If you haven’t sold a house in the past decade, brace yourself. Today’s buyers are demanding. They’re savvier about market dynamics and data and want to see houses on their own schedule, says Redfin’s chief economist, Nela Richardson. “We’re finding that buyers want access to your house when it works for them,” she says. “They don’t want to wait for the open house.” Baking cookies won’t cut it anymore.
Some things in your favor: Low interest rates are your friend too. Buyers know that rock-bottom mortgages can’t last forever. If interest rates start to tick up, there could well be a rush to buy. On the other hand, if rates go up too far, that will almost certainly dampen prices. “As a buyer’s monthly payment goes up with rising rates, something’s got to give—and that’s likely your home price,” says Keith Gumbinger, vice president of HSH, https://www.hsh.com/a mortgage information provider. In other words, sellers: If you snooze, you may well lose.
Your Action Plan
Sell first, then buy. The dilemma most sellers face is whether to buy a new place at the same time. In general, it’s smarter to sell before you buy—there’s nothing worse than having to carry two mortgages at once. You may be able to rent your house from the buyer for a few months, or at least find a short-term rental elsewhere. The one thing you don’t want to do is try to buy a new place with the contingency that you have to sell your old place first. Nothing kills a deal faster, especially if you’re up against other bidders.
Don’t just list your home—market it. Gorgeous photographs, video walk-throughs, perfect floor plans—buyers want it all. You need an agent who can develop a full-blown marketing plan, including social media. “People are doing so much more research ahead of time, going through listings online, and weeding out properties before they see them,” says Benjamin Beaver, an agent with Coldwell Banker in San Angelo, Texas. That’s especially true of millennial first-time buyers, who have grown up with information on demand.
Don’t “test” the market. Pricing right is an art these days. The last thing you want to do is accidentally list too high out of the gate. Not only does it require cutting the price—in many cases to less than the estimated value—but it also means more time on the market. “It’s not like the old days where you put in a 10% buffer,” says Jacquie Sebulsky, a broker with Cascade Sotheby’s International in Bend, Ore. “People are savvier, and many agents won’t even show a house if it’s overpriced.” According to Zillow Talk: The New Rules of Real Estate, a house that is priced right will sell in about half the time of one that is overpriced.

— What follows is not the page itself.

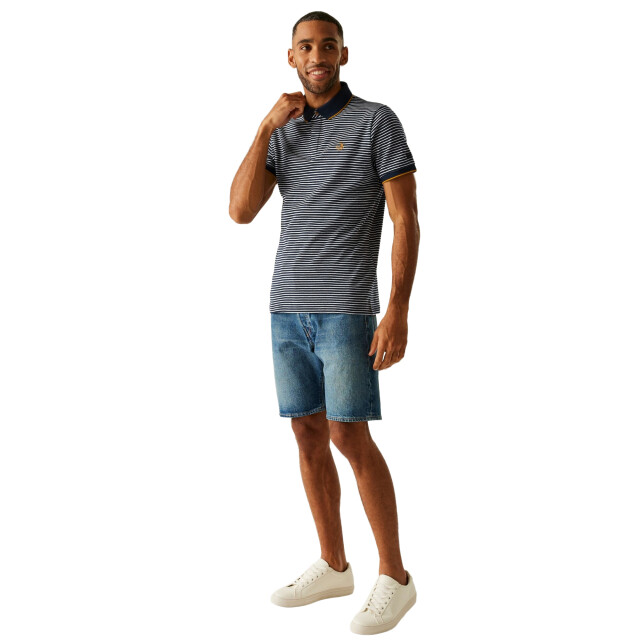Regatta Heren tiver gestreept poloshirt UTRG11664_navystonewhite large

Another reason to price right: traffic. In the first week a listing goes on the market, it gets four times as many visits as a month later, Redfin found. Moreover, if you do end up dropping your price, says Richardson, it sends a signal to buyers that you’ll come down more. “One agent described it to me as ‘blood in the water,’ ” she says.

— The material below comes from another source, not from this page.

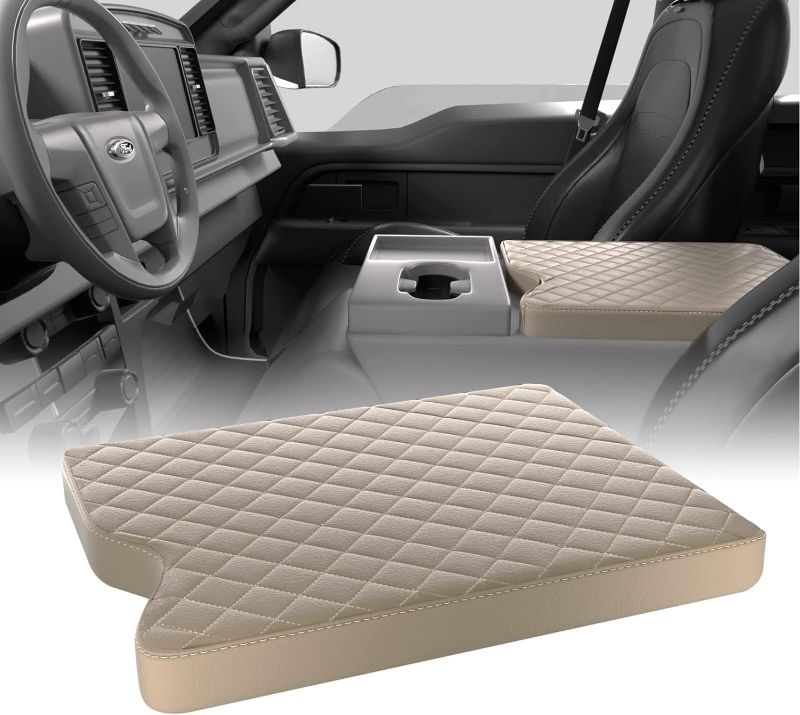 Photo 1 of qzhiren Center Console Cover for 2015-2023 Ford F150, 2017-2023 F250 F350 F450 with 40/20/40 Jump Seat,Leather Armrest Cover Center Console Pad Middle Console Cover Armrest Box Cover(Beige)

Fix what’s broken. Paul Reid, a Redfin agent in Southern California, recommends getting a home inspection and fixing any problems before you list the house, despite the out-of-pocket costs. “First-time homebuyers, in particular, don’t want to come in and do a ton of work,” he says. “They’re making a huge financial commitment and don’t want a money pit. I’ve seen it time and again where a buyer will get in escrow, have the inspection, and back out because the list is overwhelming.”

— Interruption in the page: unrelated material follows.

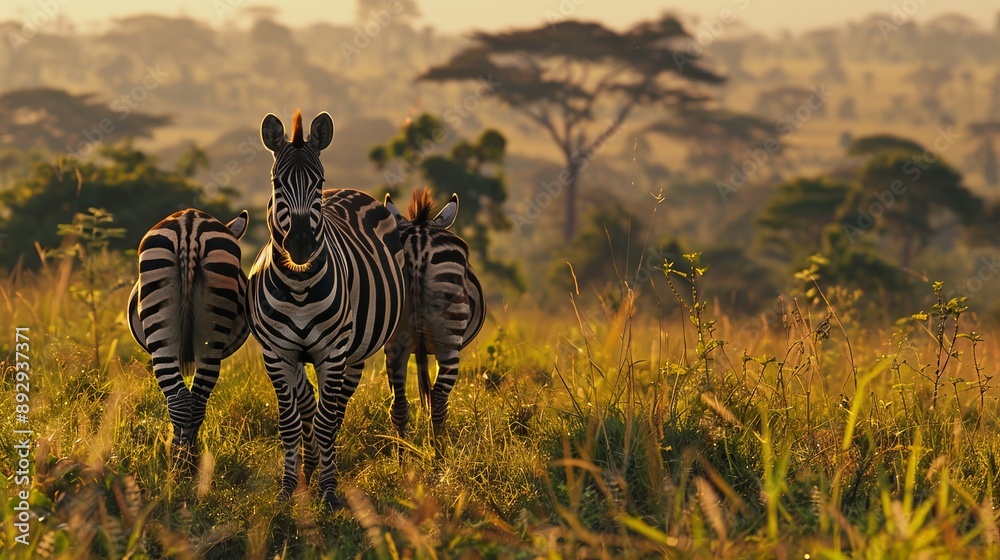 Fototapeta premium In this scenic view, three zebras stand in tall grass with soft morning light casting a gentle glow, illustrating the intimate and tranquil moments of African wildlife.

Go clean. Ten years ago it was mostly upper-end sellers (and maybe desperate ones) who went to the trouble to “stage” their home. Now, the idea that you need to clean out your closets, clear off the counters, take down your photos, and pare down the furniture and accessories is Real Estate 101. That said, you don’t need to hire anyone (though you may need to find someplace to store all your junk). Two areas not to forget: the entrance (that expression about not getting a second chance to make a good first impression is true) and the bathrooms. “I like to say that big, fluffy, white towels can add $10,000 to the price of a house,” says Sebulsky.